Today’s bottles are shaped logically and scientifically… ”Bordeaux” bottles are shaped with a short neck and high “shoulder” to trap sediment during pouring and to allow long and stable stacking and storing. Champagne bottles are thicker and shaped to handle more pressure and to fit in special racks during the lengthy production processes. On bottles with an embossed crest or symbol (such as Chateauneuf du Pape), you’ll notice a substantial notch in the bottom or side of the bottle…this notch assists a labeling machine with finding the bottles “front” to place the label consistently and correctly.

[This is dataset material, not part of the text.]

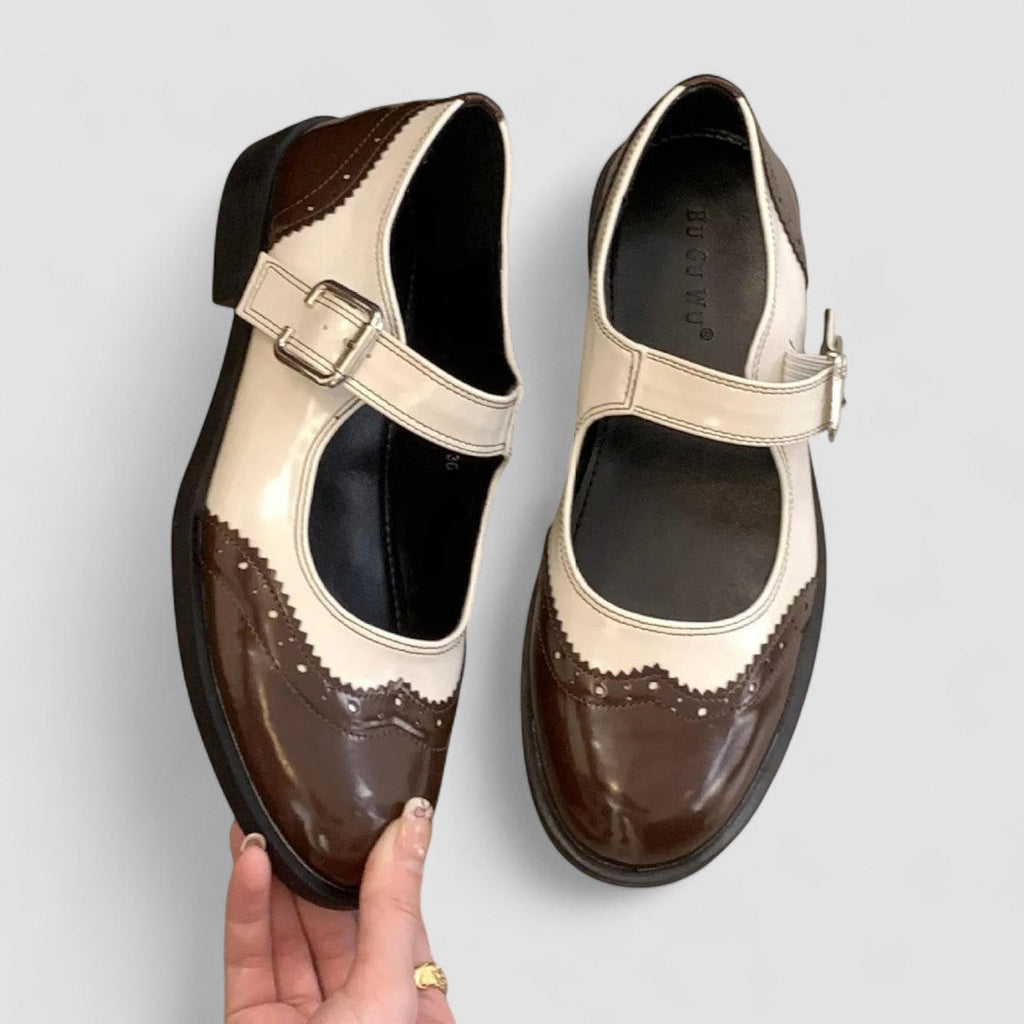 Lara - Mary Jane Schoenen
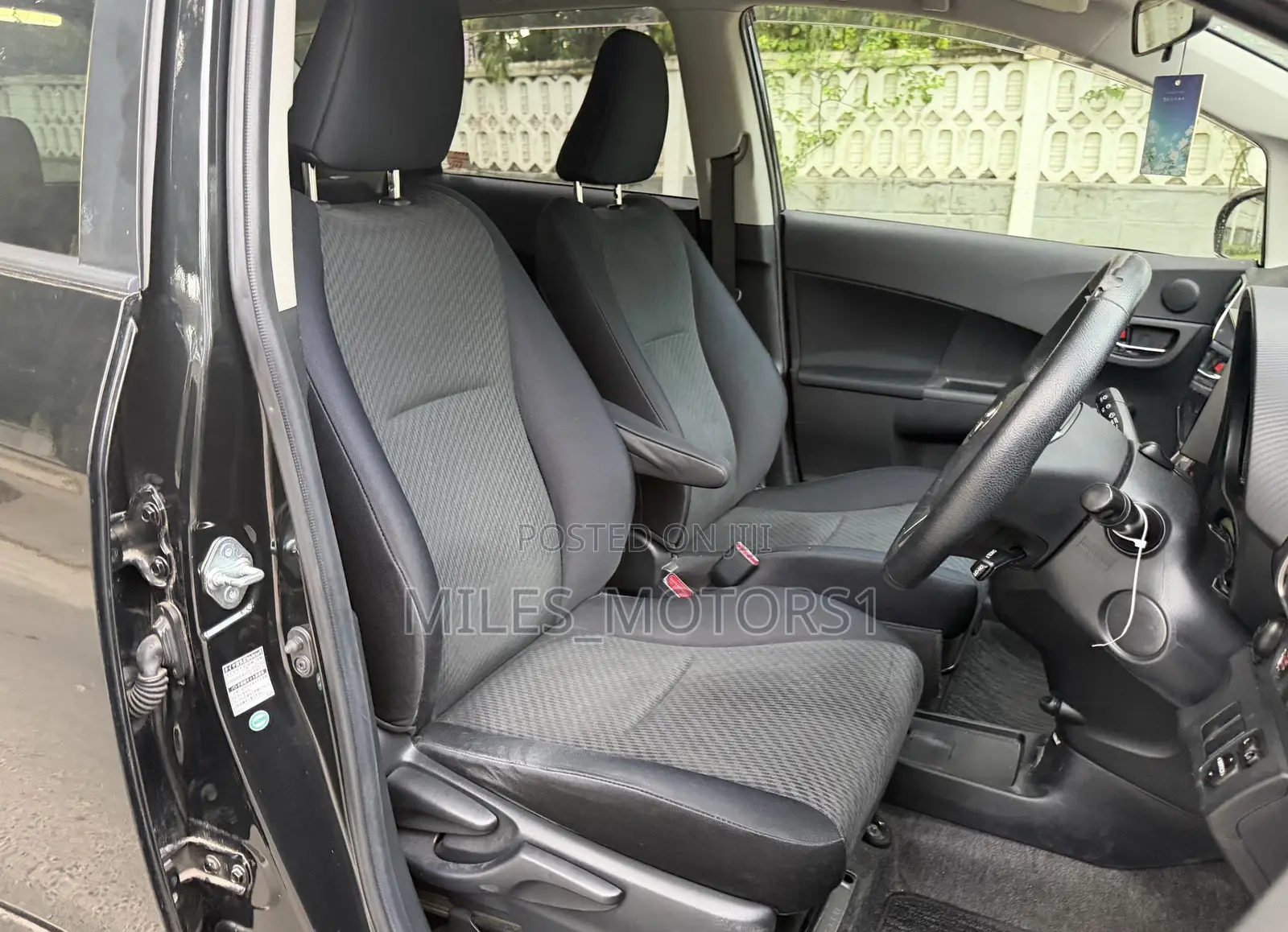 Toyota Ractis 2011 Black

To market to customers understanding lots of different languages in Europe, traditional unique bottle shapes and colors became the universal marks of certain wines and countries as well.  Green tall slender bottles were German Rieslings.  Portuguese Ports were marked with white stencil lettering on darker bottles with plumped necks.  Chianti retained the onion shaped bottle wrapped in straw.  Now, the famous rooster adorns a label around the neck of Chianti bottles instead as a universally translated mark of origin.

Restaurants and airplanes create the most demand for small-sized bottles, while large-sized bottles are reserved mainly for publicity and celebration due not only to the high cost of hand-blowing these rarely-used bottles but also the difficulties in storing, marketing, and serving them. The 750ml bottle is a standard since it is economical, consistent and easy to handle.